Filipina Dinilai Setengah Hati Bebaskan WNI dari Abu Sayyaf
- VIVA.co.id/Istimewa
VIVA.co.id - Hingga kini nasib kejelasan pembebasan 10 warga negara Indonesia yang disandera kelompok Abu Sayyaf belum menemui titik terang. Tentara Nasional Indonesia sendiri hingga kini tak bisa berbuat
banyak, karena Filipina melarang militer dari negara lain masuk ke wilayahnya.
Dalam upaya pembebasan, Filipina dituding setengah hati dan terkesan tak mau ambil banyak risiko. Apalagi selama ini kelompok Abu Sayyaf memang sulit ditumpas dari bumi Filipina.
"Maka itu yang menyebut tenggat batas waktu penebusan 10 WNI kan bukan dari pihak Abu Sayyaf, melainkan dari pemerintah Filipina. Karena, mereka mungkin tak mau ambil pusing, makanya disuruh barter saja, bayar tebusan," kata Guru Besar Universitas Pertahanan Salim Said kepada tvOne, Jumat, 8 April 2016.
Dirinya menduga, ada pertimbangan politik yang menjadi ganjalan Filipina untuk melakukan tindakan terhadap kelompok Abu Sayyaf. Apalagi Filipina bakal mengelar pemilu Mei mendatang. Salim sendiri heran jika Filipina melarang militer Indonesia masuk, karena meski memang tampak tak sopan, tetapi militer Amerika Serikat justru bolak-balik melakukan aktivitas di sana.

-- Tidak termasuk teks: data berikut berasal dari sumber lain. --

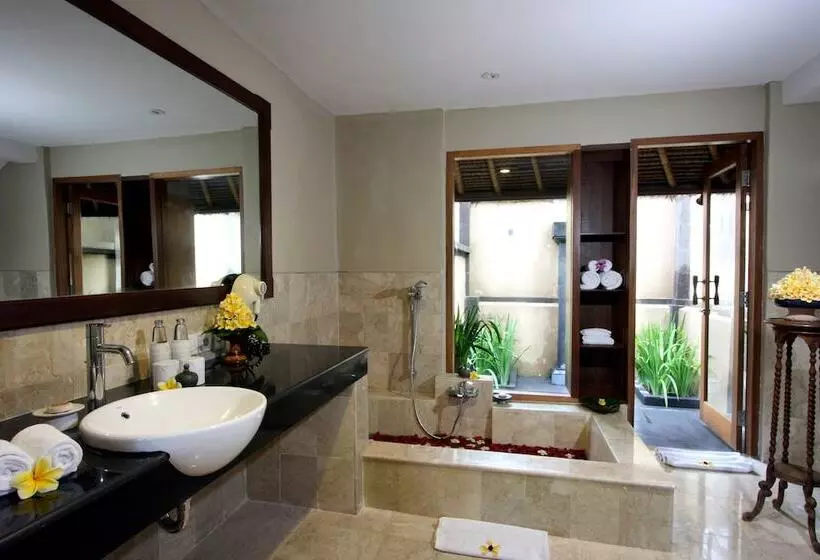 کلبه ییلاقی, Kamandalu Ubud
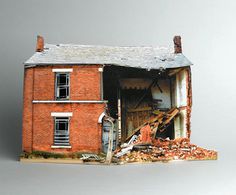 brokenhouses-25 #sculpture #house #art #broken #miniature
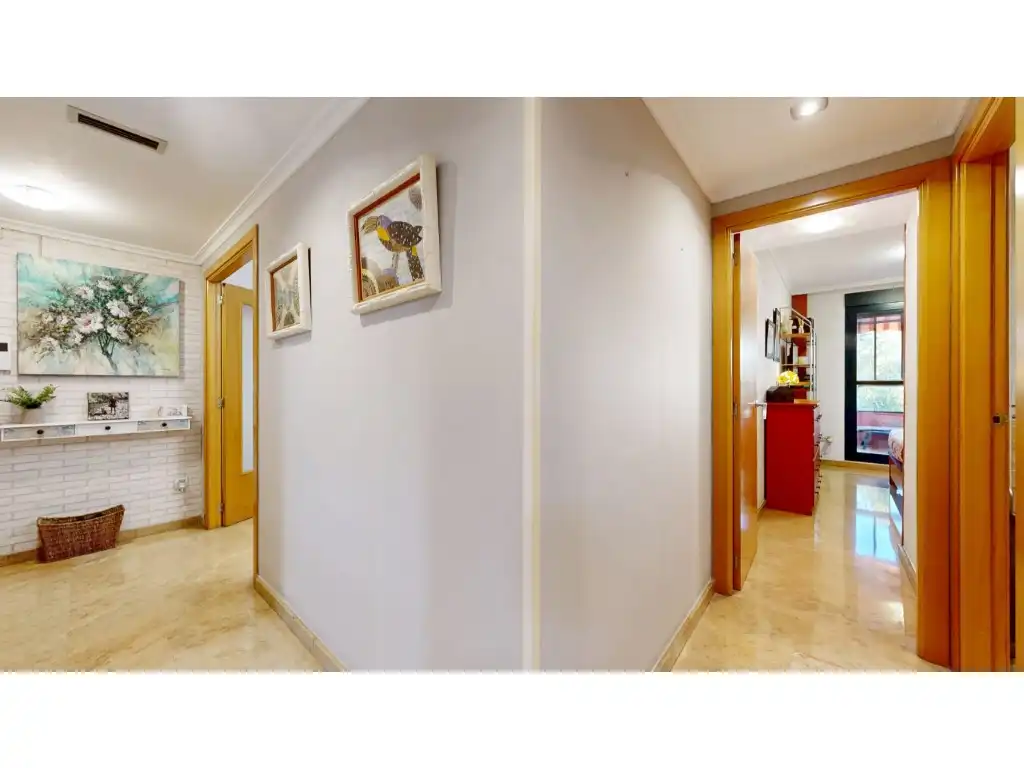 Flat for sale in Valencia  with Air Conditioner, Terrace and Community pool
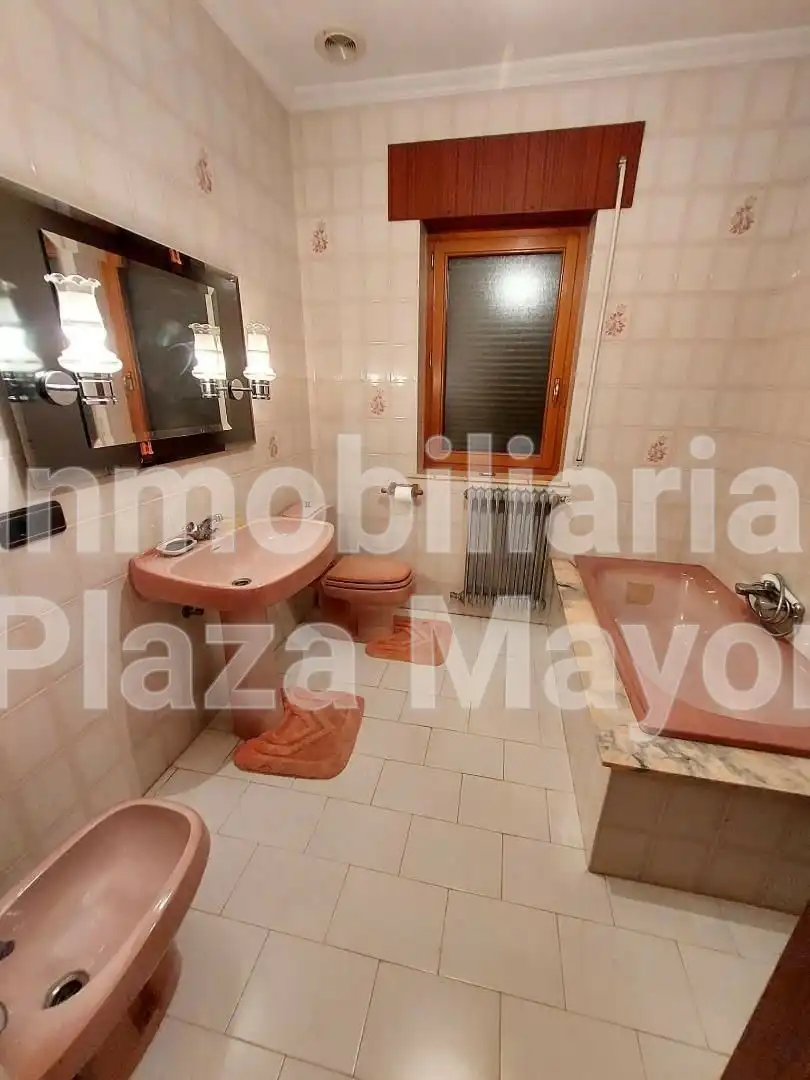 Chalet con piscina en venta en Castellanos de Villiquera, imagen 3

"Kenyataanya di Filipina Selatan (daerah yang dikuasai Abu Sayyaf) tidak pernah bisa diselesaikan. Mungkin ada pertimbangan politik yang kita tidak ketahui. Maka itu, sebenarnya kita membutuhkan negosiator yang mereka atau kelompok Abu Sayyaf hormati," kata Salim.

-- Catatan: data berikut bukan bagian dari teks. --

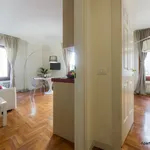 Rent 1 bedroom apartment of 52 m² in Florence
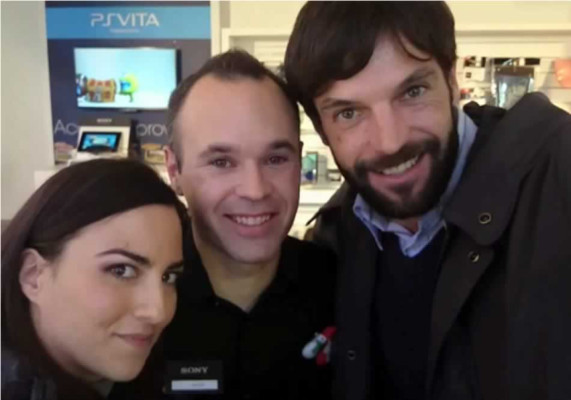 Video: Iniesta, dependiente por un día en Sony Store Barcelona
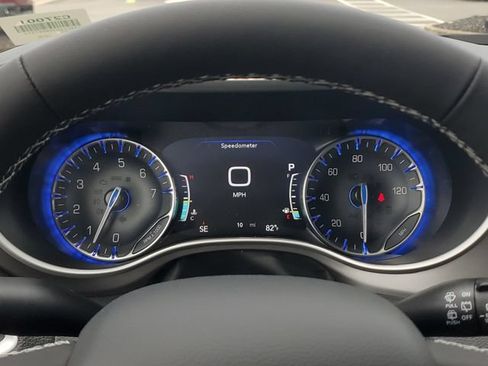 New 2027 Chrysler Pacifica Limited FWD image 25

Sejauh ini Filipina memang tampak segan dengan Timur Tengah dan Amerika Serikat. Tetapi, tentu akan sulit juga, sebab Amerika Serikat, kata dia, sejauh ini selalu ogah untuk berunding. Sementara Timur Tengah juga tengah dilanda konflik.
"Kalau perusahaan misal bayar tebusan, tentu tak akan jadi pembelajaran buat Indonesia. Sebab, Abu Sayyaf pasti akan melakukan hal yang sama lagi ke depan. Ini kan jelas pemerasan. Tetapi, memang satu jalan yang risikonya paling kecil ya membayar tebusan, meski menawar jumlah tebusannya," kata Salim.